Rafael is probably the only or one of the very few companies that can offer a protection solution that includes active, passive and reactive system. “Our Trophy is a combat proven solution [with the Israeli Defence Forces], and following a weight and size reduction it can now be fitted from 6×6 to Main Battle Tanks,” Rafael’s active protection system customers having bagged orders from export customers, among them the US Army. The Haifa-based company was a pioneer in reactive armour elements, and is still improving its reactive and passive armour packages, reducing weight and increasing protection, which is now over Level 6, underbelly kits for improving protection against mines and IEDs being also part of its portfolio.
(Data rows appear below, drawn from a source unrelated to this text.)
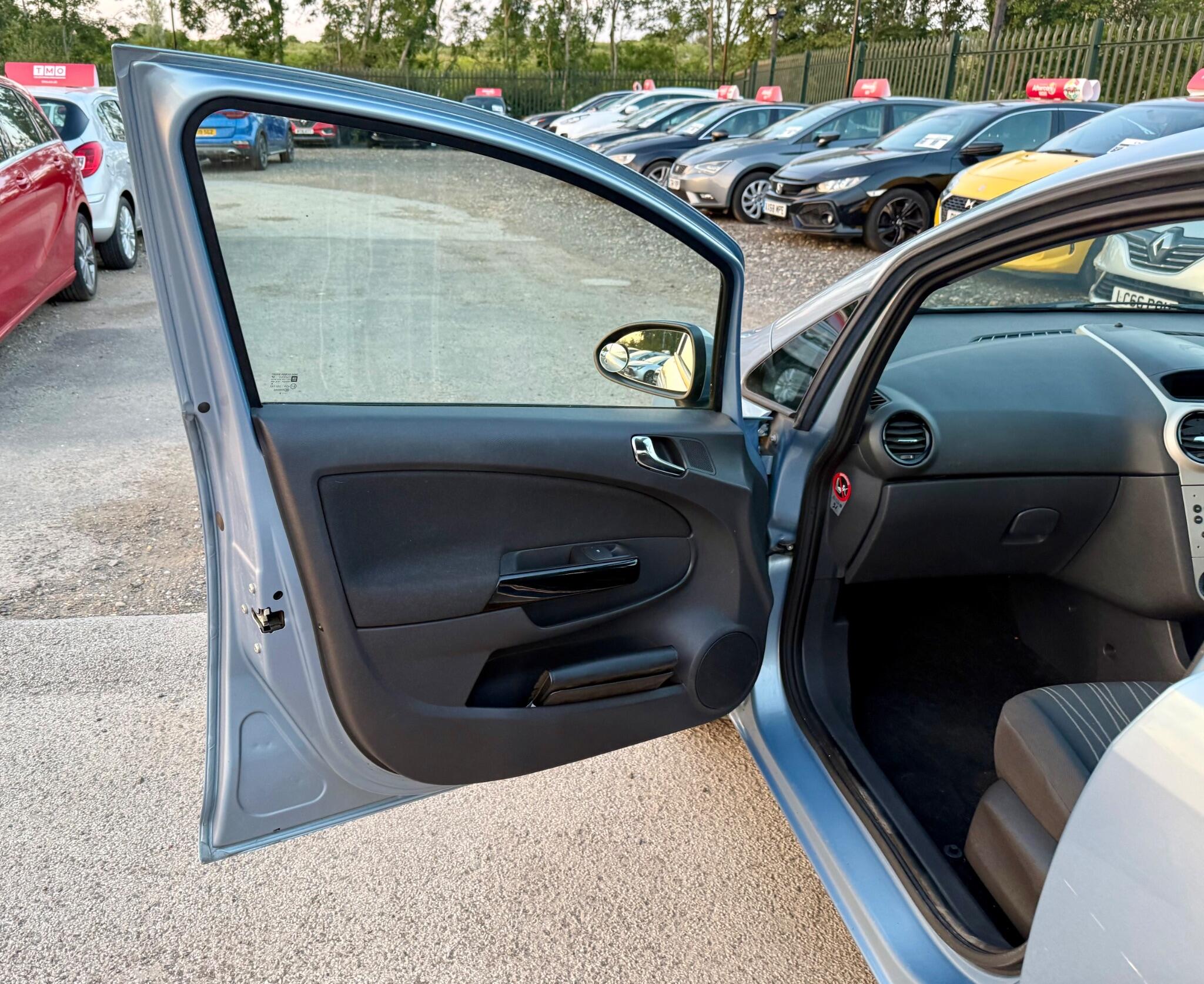 Vauxhall Corsa view 36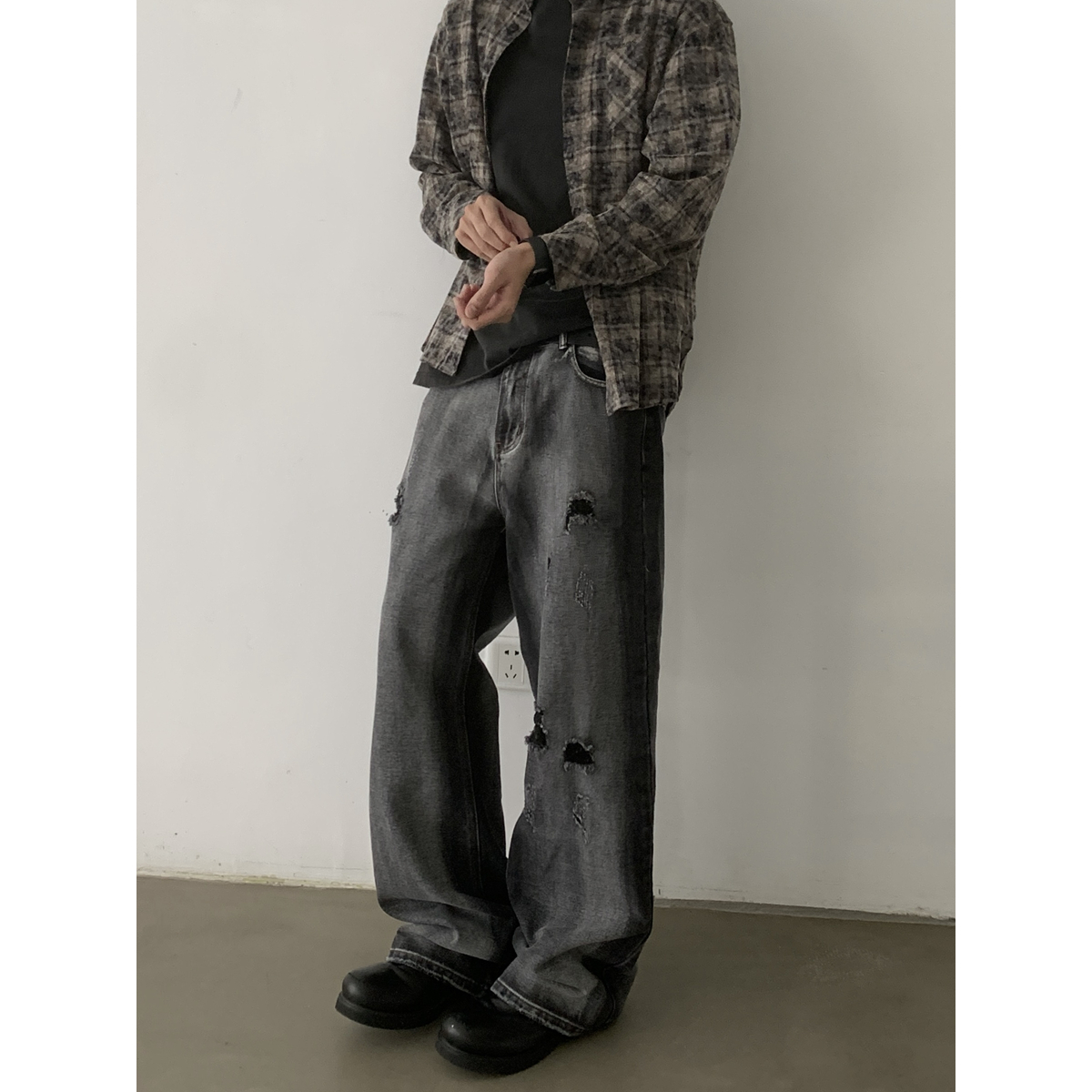 Vintage Washed Distressed Black Baggy Jeans for Unisex - Trendy 90s Inspired Loose Straight Casual Pants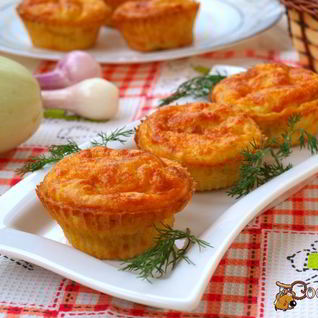 Закусочные маффины с кабачком и сыром
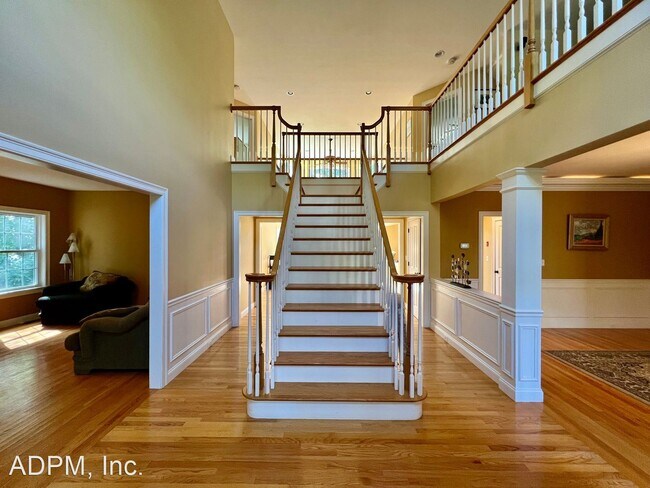 Foto del edificio - 4 br, 4 bath House - 17 Kenney Road Middle...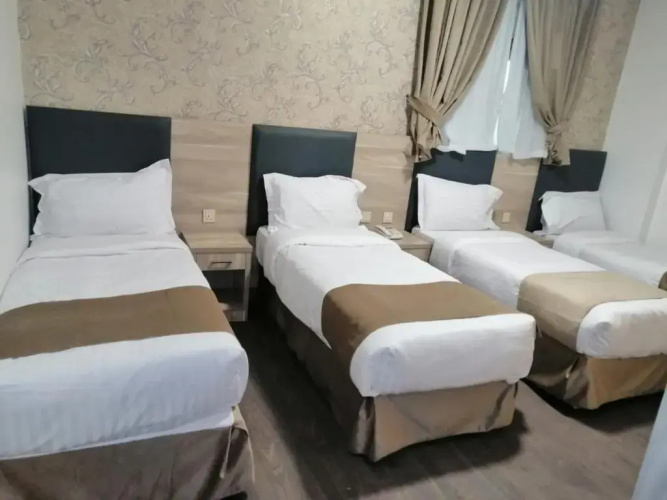 Hayah Grand Hotel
“In the lethality segment we propose our Samson family of turrets, of which we sold over 6,000 pieces in the last three decades,” Udi N. says, underlining that most of the customers belong to NATO. Light to medium calibre solutions are available, with the possibility of integrating the Spike 5th generation missile system, a solution already available on the Samson 30 RCWS, usually armed with the Northrop Grumman Mk44 Bushmaster II 30 mm chain gun. Beside the mid- to long-range versions of its Spike, which give the vehicle a considerable lethal range, Rafael is also proposing its Spike Firefly, the 3 kg MTOW rotary wing loitering munition with a 30 minutes endurance, capable to provide real-time situational awareness at distance before diving onto the target to destroy it; “We can install the Firefly launch tubes either on the turret or on the vehicle itself,” Udi N. explains, adding that those mentioned are the unclassified solutions that are being proposed, other remaining under wrap.
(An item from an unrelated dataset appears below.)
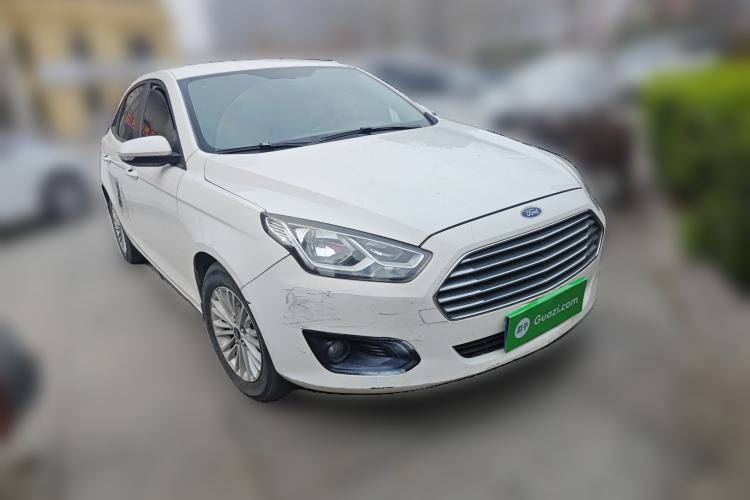 Used Ford Escort 2015 1.5L Manual Comfort Model Front Right 45 Deg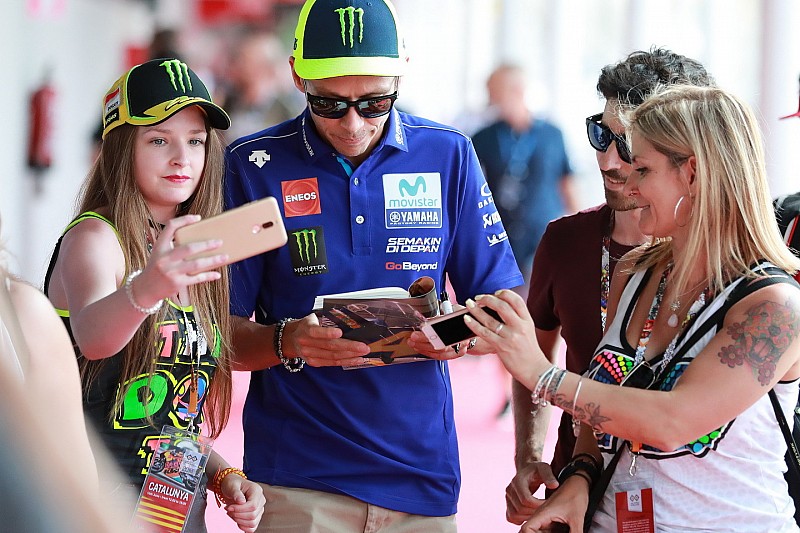 Rossi: “Lorenzo en HRC, y como compañero de Márquez, es una bomba”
Adding those systems would certainly improve the South Korean combat vehicles capabilities, however the true force multiplier is the Battle Management System, which includes a number of solutions derived from those developed for the Israeli Carmel 8×8 programme. The work done by the company on digitised 3D scenarios and the digitisation of all sensors and effectors has led to the development of different systems, a key one being the Fire Weaver combat system that allows simultaneous connection of all sensors and shooters, in a fully GPS-independent environment as exact position is established by pixel correlation with the digital scenario. For more information please click HERE. Another system based on computer-vision technologies is the CT-Mentor, which allows precise navigation and localisation in GPS-denied environment also thanks to SLAM (Simultaneous Localization And Mapping) algorithms.
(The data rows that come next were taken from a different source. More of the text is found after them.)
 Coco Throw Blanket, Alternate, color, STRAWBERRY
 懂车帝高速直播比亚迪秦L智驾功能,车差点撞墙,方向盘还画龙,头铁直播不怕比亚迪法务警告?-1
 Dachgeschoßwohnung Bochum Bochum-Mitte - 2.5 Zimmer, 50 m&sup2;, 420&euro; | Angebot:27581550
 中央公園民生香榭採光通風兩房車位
Combat Artificial Intelligence will finally ensure automatic mission planning and weapon selection, easing much of the burden from commanders and operators. All this thanks to the secure high-throughput link of the BNET software defined radio family, ensuring very high speed broadband transmission of voice, data sand video signals. “Our solution will be installable on all ROKA armoured vehicles, as it is fully modular, and we aim at providing the Army with a multiplatform system,” Udi N. concludes saying that the next step will be to bring the system to upper levels, linking Army manoeuvre elements with higher headquarters and then to Air Force and Navy assets.